Yesterday, J-man found a old Word World Duck.  Without the K.  The letters stick together with magnets to form the duck/word. 


So we were in the living room.  J-man had given me the Duc in frustration because he couldn't get it to stick together properly.  I fixed it, and while I fixed it he started playing with the gun. You know, pulling the trigger to make it do the "pew pew" noises.  When I got Duc fixed, I showed it to him and said "Here's Duc".

He shot at the Duc.  With the gun.

Now, you have to know that J-man hasn't really understood what the gun IS.  It makes noises and shoots foam darts.  But not people, or Duc-s.  And to be totally honest, I am not 100% sure that it was intentional (there is a story here too... just wait).  But that didn't matter, because I made a split decision on my response..

The Duc 'fell from the sky and landed in a dramatic fashion on the floor, breaking apart into D-U-C parts'.

J-man looked surprised.  Intrigued.  I put the Duc pack together (hastily) and made the Duc start to fly. I said "shoot it!!".  He shot again.  And again, and again.  I switched it up, fixing the Duc, giving it to him and taking the gun.  J-man protested (he likes the gun) but then I shot the Duc.  It took him a second or two, but then he had the Duc fall down from the sky in a J-man-like-dramatic fashion, breaking apart into D-U-C parts.

J-man grabbed the gun away from me and while I was trying to reassemble the Duc, pulled the trigger.  So then I fell down in a dramatic fashion, groaning and making "you got me" noises.  Much hilarity ensued.  We did this over and over, Duc and Mommy dying repeatedly dramatic deaths.  I called Daddy up.  Soon, he was also dying in a dramatic fashion on the floor. 
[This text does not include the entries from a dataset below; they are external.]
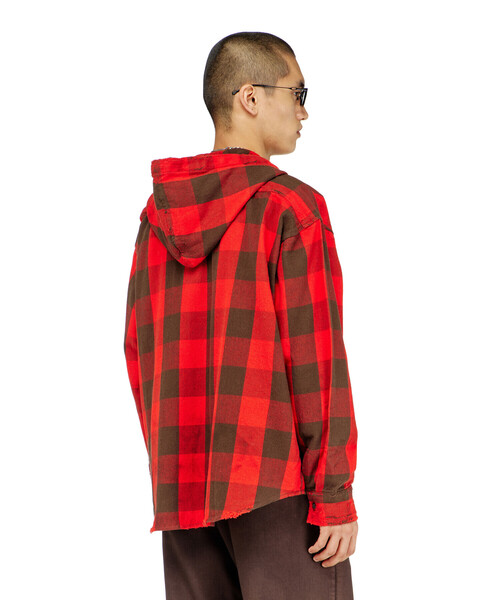 DIESEL(ディーゼル)の「メンズ シャツ S-DRUM-HOODY(シャツ/ブラウス・メンズ・グレー/レッド・50/52/48/44/46)」の3枚目の写真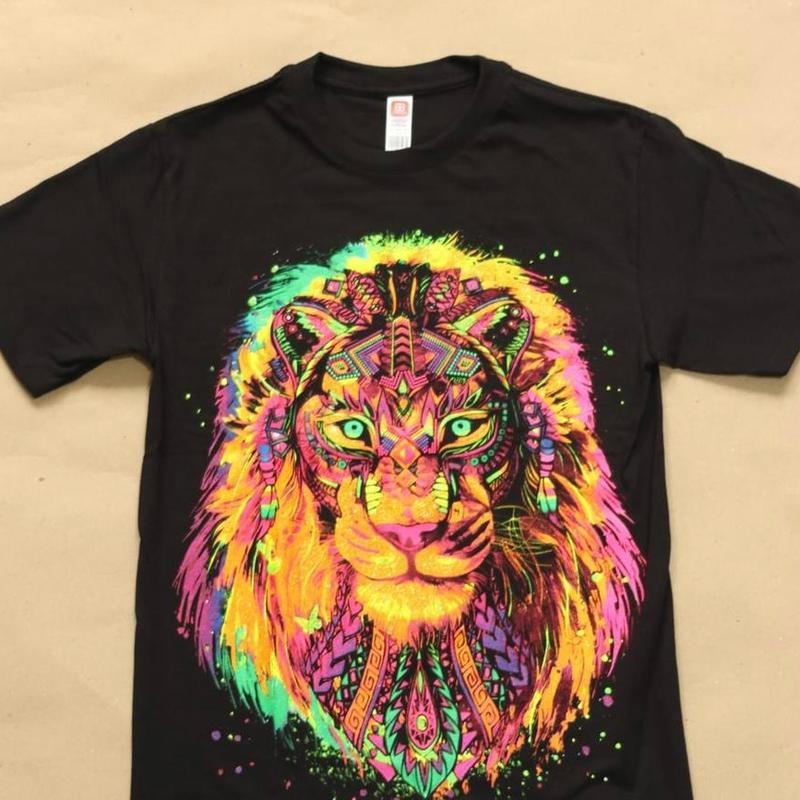 Lion Cotton Black - Adult & Kids T-Shirts, Sweatshirts & Hoodies apparel design preview 1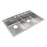 Crosstown Stainless Steel Kitchen Sink 1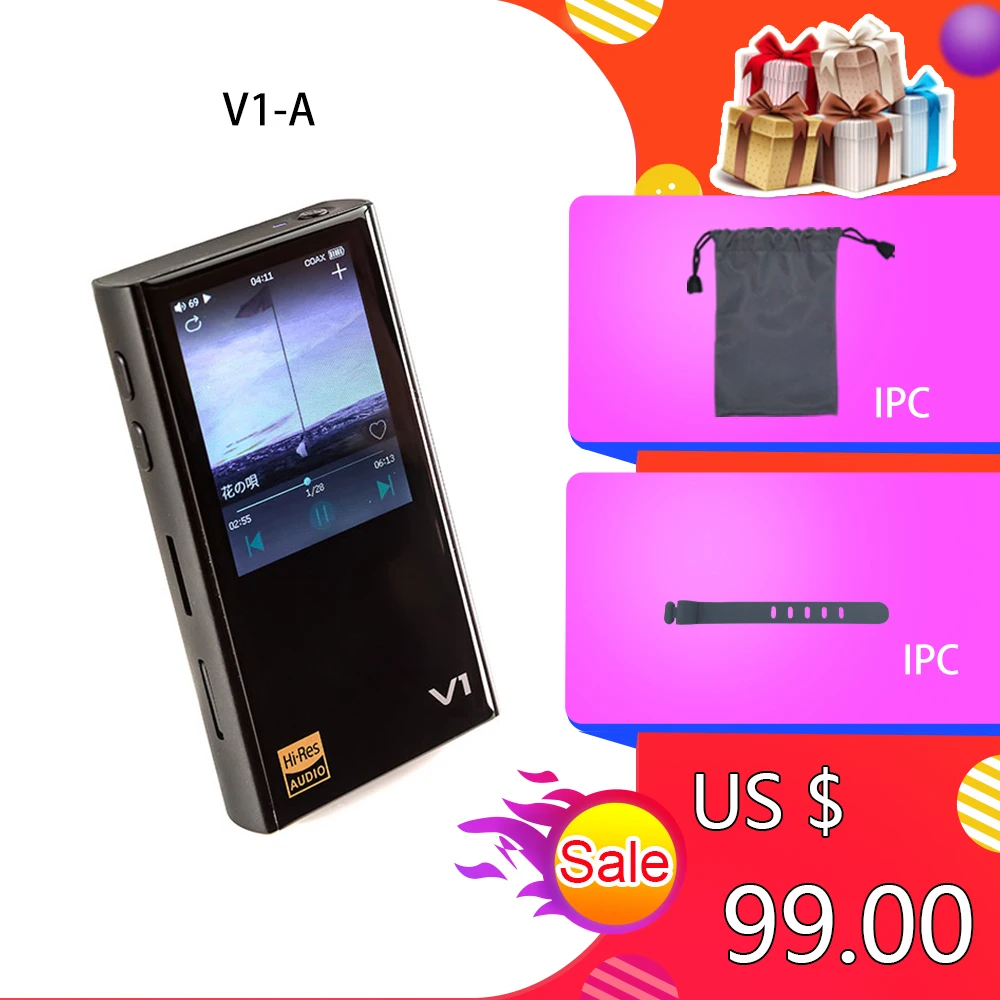 MP3 плееры TempoTec вариации V1 A PCM и DSD 256 Поддержка Bluetooth LDAC AAC APTX вход выход USB дак для ПК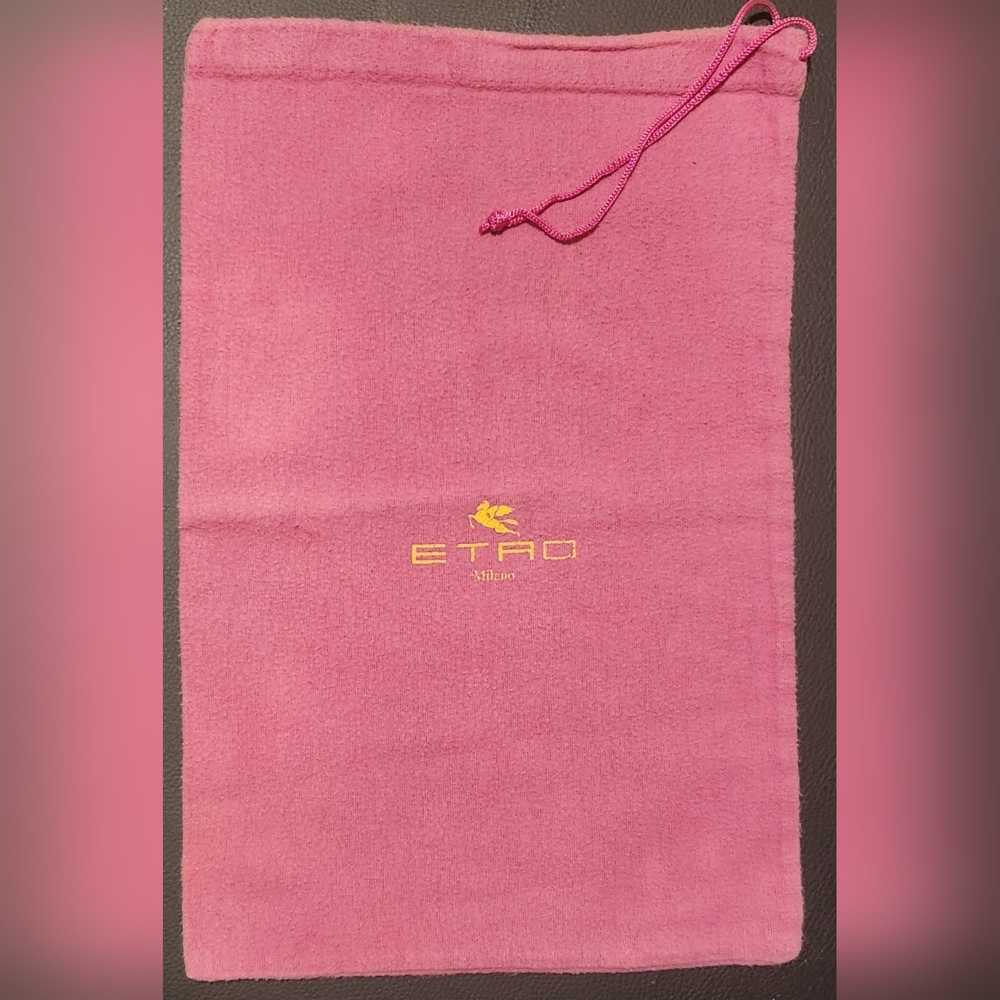 Etro Pink Drawstring Bag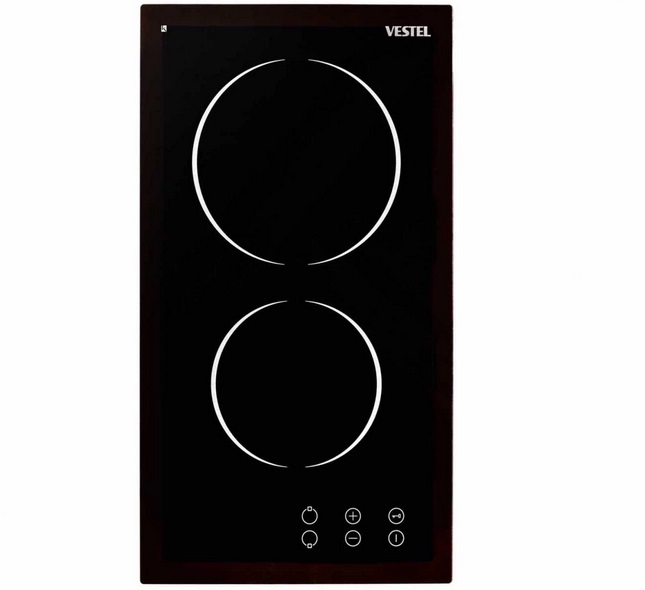 Варильна поверхня Hi-light Vestel Доміно склокераміка чорний BH-3330B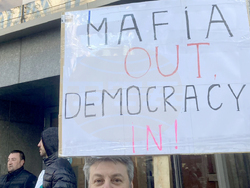 Белгия - българи - протест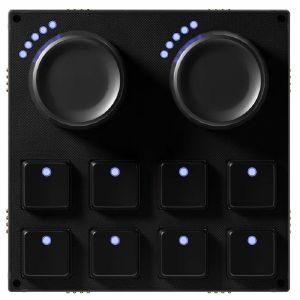 Intech Studio Grid Series 3 TEK2 Mechanical 2-Precision Jog Wheel & 8-Tactile Button Modular MIDI Controller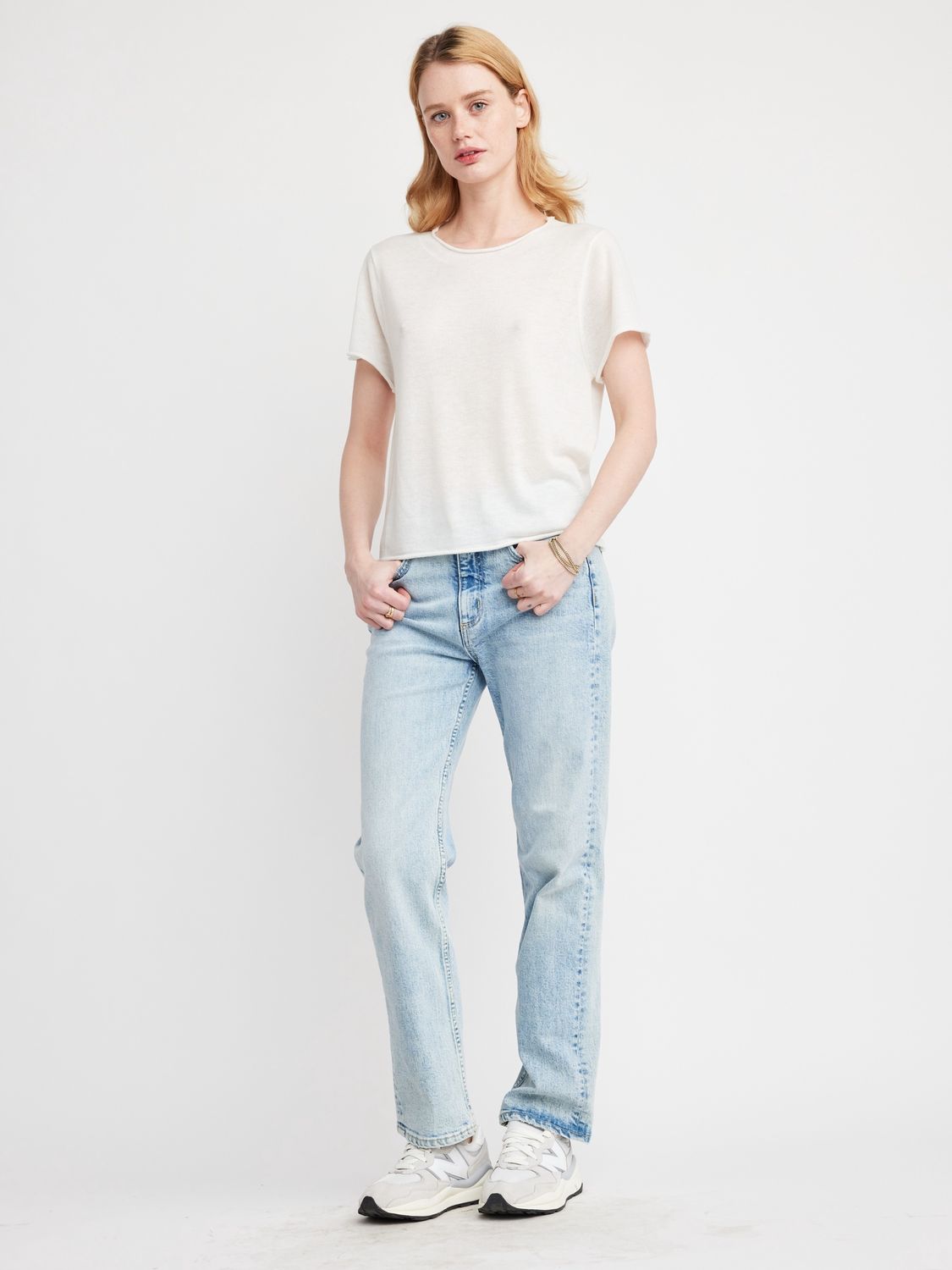 Celine Sweater Tee in White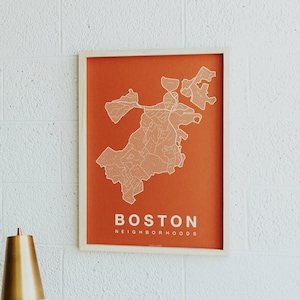 BOSTON City Map Art, Home Office Wall Decor, Massachusetts Poster, Minimalist City Art, Boston Wall Art Print, Housewarming Gift For Him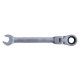SIGMA Ключ рожково-накидной трещоточный с шарниром 12мм CrV satine (6022621)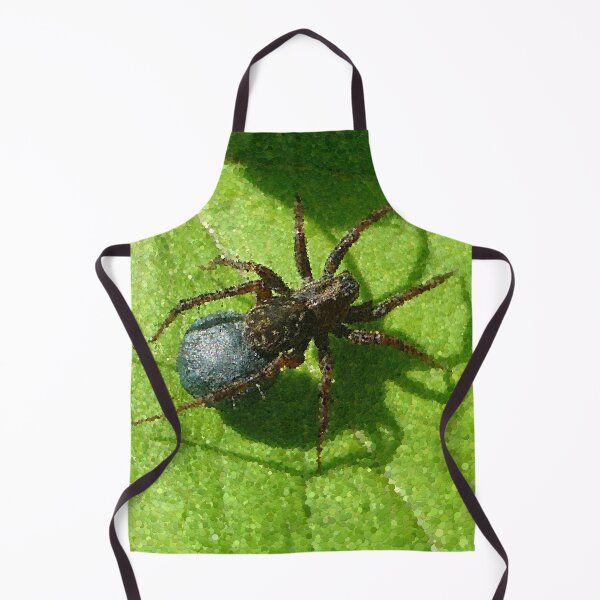 Item preview, Spider Chilling on Leaves designed and sold by MathenaArt.
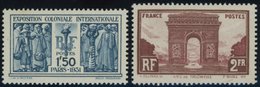 FRANKREICH 262/3 **, 1931, Kolonialausstellung Und Triumphbogen, Postfrisch, 2 Prachtwerte, Mi. 120.- - Other & Unclassified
Then I managed to sneak the gun from him (sly mommy) and shot the J-man.

Who fell on the floor in a dramatic fashion, making his own groaning noises

Back and forth we did this.... honestly, probably 25 + minutes. 

J-man was playing with us.  J-man was turn-taking with joy and glee.  J-man wanted to keep the party rolling. 

And in the last 5 minutes of this play, spontaneously, with no prompting done or needed, he started talking to us.

"My turn"  "More please"  "Shoot"  "Your Turn"  "Duc"

Commanding us to continue!!!

Are you excited yet?!  Freaking out?!  Well, oh, it gets better. 

The chattering continued all night.  Not all words, or words we could understand, but intentional directed vocalizations to us.  Lots of requesting for interaction.  We responded with intention, even those things that didn't sound like words.  We treated them like words.  And then later that evening, J-man brought me the k-less Duc again, the gun in his hand.  Our new game continued!!!  Willingly and child-lead, with no persuasion on our part, no "forced interaction", no pressure to perform. 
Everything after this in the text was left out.